Second, Chinese people are hyperconscious of the fact that the government dominates and controls information input and inflow, hence they do not easily accept whatever the government says. This is true for most educated people, who have developed a habit of reading between the official lines and checking it against other sources for a truer picture.
This is not how the West normally thinks of China. In its imagination, every individual living inside the Great Firewall is presumed to have lost the ability to think independently and critically, given their chronic exposure to government-dominated information channels.
The truth is, people who live in a somewhat sophisticated authoritarian society, like China or the Soviet Union of the recent past, are more likely to have developed a cognitive condition better understood as cynicism – a proclivity for denial, rejection, doubt and non-belief, unless such information is checked and somehow verifiable. This actually makes them much more suspicious to one-way information, especially when it’s backed by the government.

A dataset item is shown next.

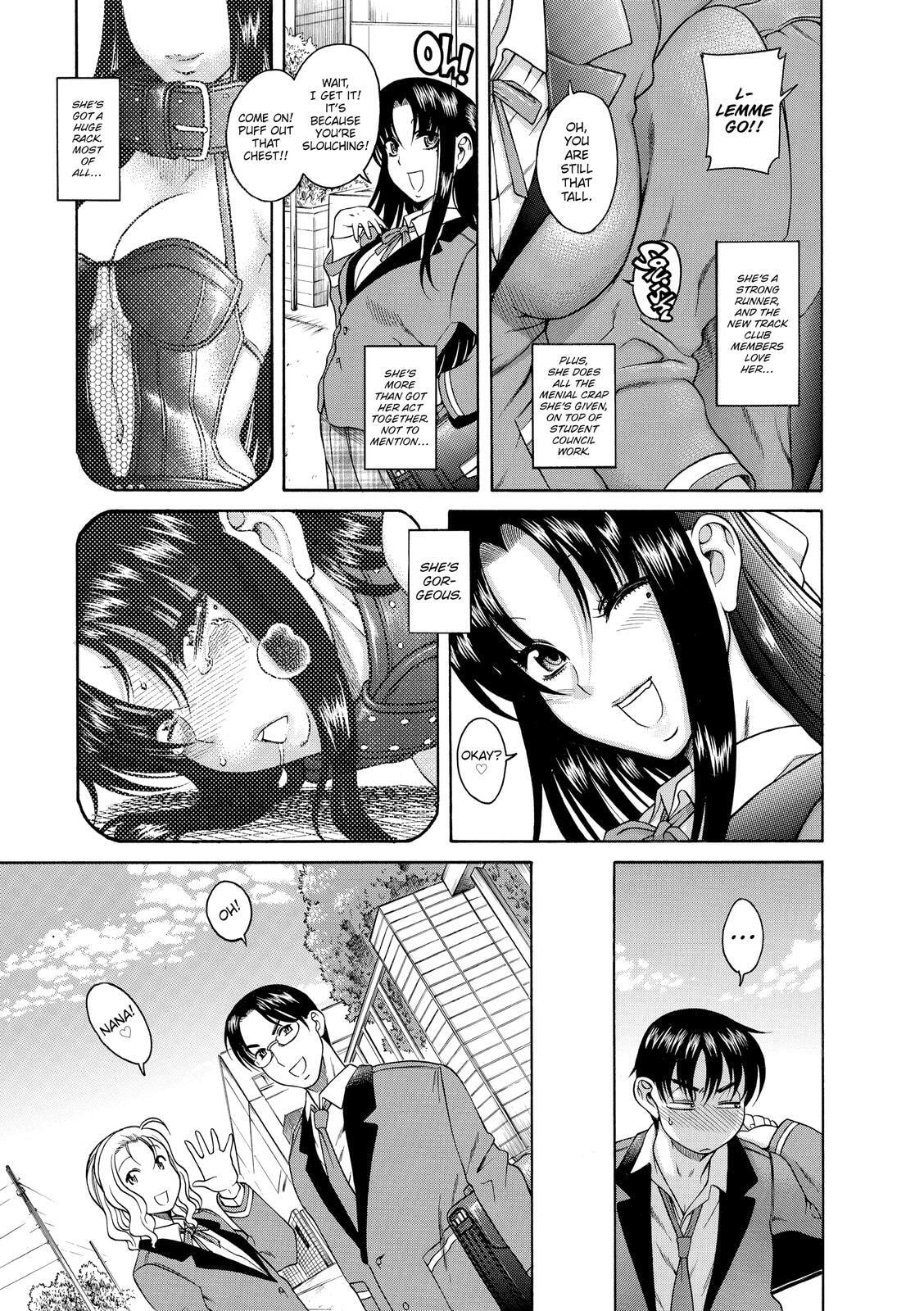 Read Nana & Kaoru (Colored) chapter 1 image 13 on Lezhin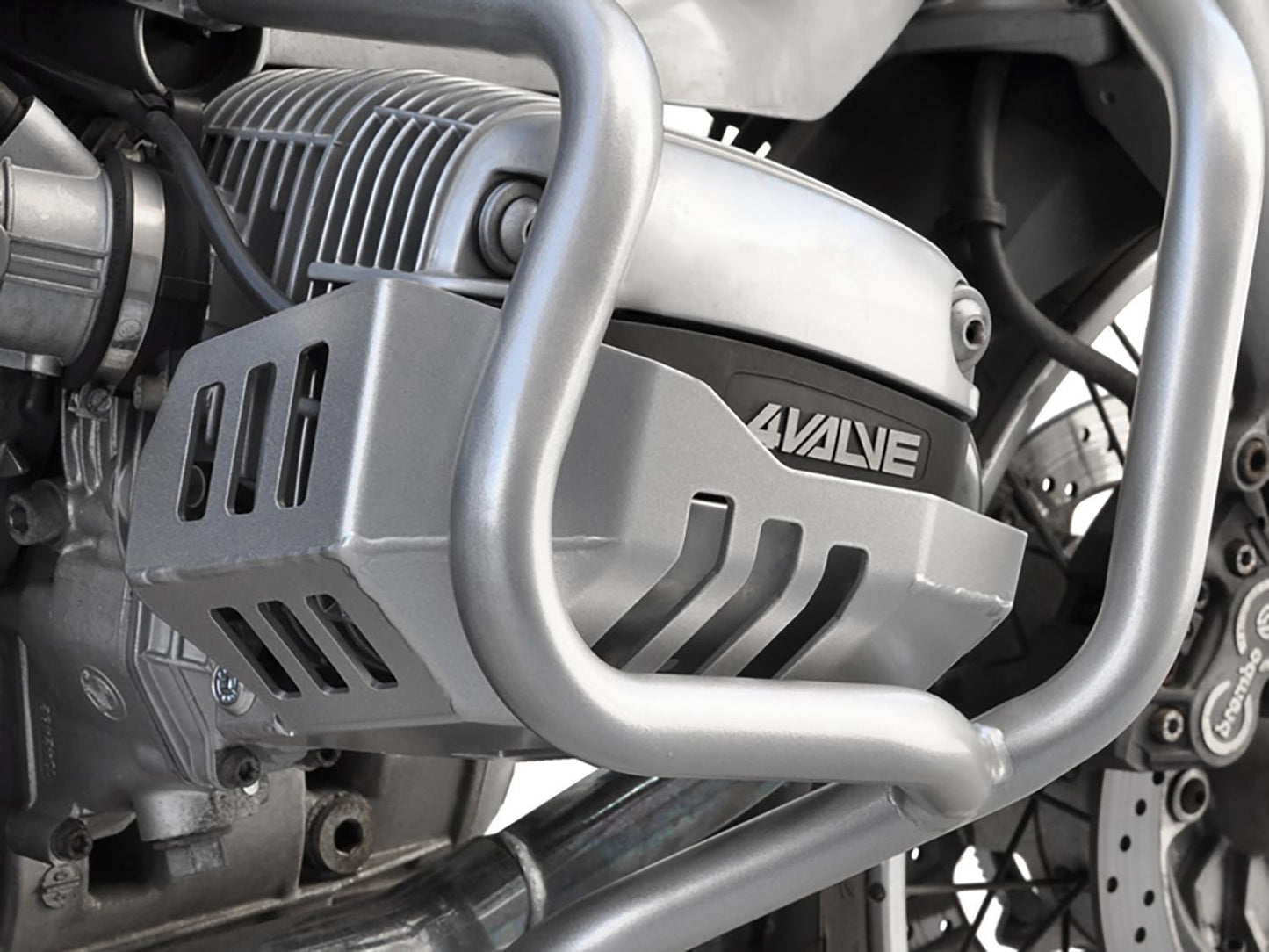 ZIEGER Zylinderschutz passend für BMW R 1100 GS 1994-1999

Third, websites blocked by the censors can still be accessed. As Global Times editor-in-chief Hu Xijin observed in a recent Hong Kong interview, many Chinese regularly get around the Great Firewall for work purposes. All expats living in China do it.
In a nutshell, the Great Firewall is not an absolute barrier for mainland Chinese to reach the outside world. It is entirely up to a person’s own willingness and effort to seek the truth. Mainland Chinese believe that truths and untruths exist both within and beyond the firewall, and the act of crossing the wall in itself does not guarantee truth.
While mainland Chinese are living with a known (yet non-absolute) barrier of information, which elevates their consciousness of blind spots, people in the West are living behind an invisible wall that unknowingly shapes their biased view on China.
Liberal democracy was established before the emergence of a postmodern information society where both traditional and new media seek to actively sway, shape and condition people’s learning and leaning. All media, whether liberal, conservative, libertarian or alt-right and alt-left, feed their audiences with their version of the truth, a mixture of selective reporting and subtle interpretation.
The use of the same quote might lead to completely different conclusions. Profit-driven media tend to amplify people’s existing opinions, which lead to the creation of echo chambers that polarise and divide society. The foundations of a functional liberal democracy will be undermined in such a “post-consensus” society.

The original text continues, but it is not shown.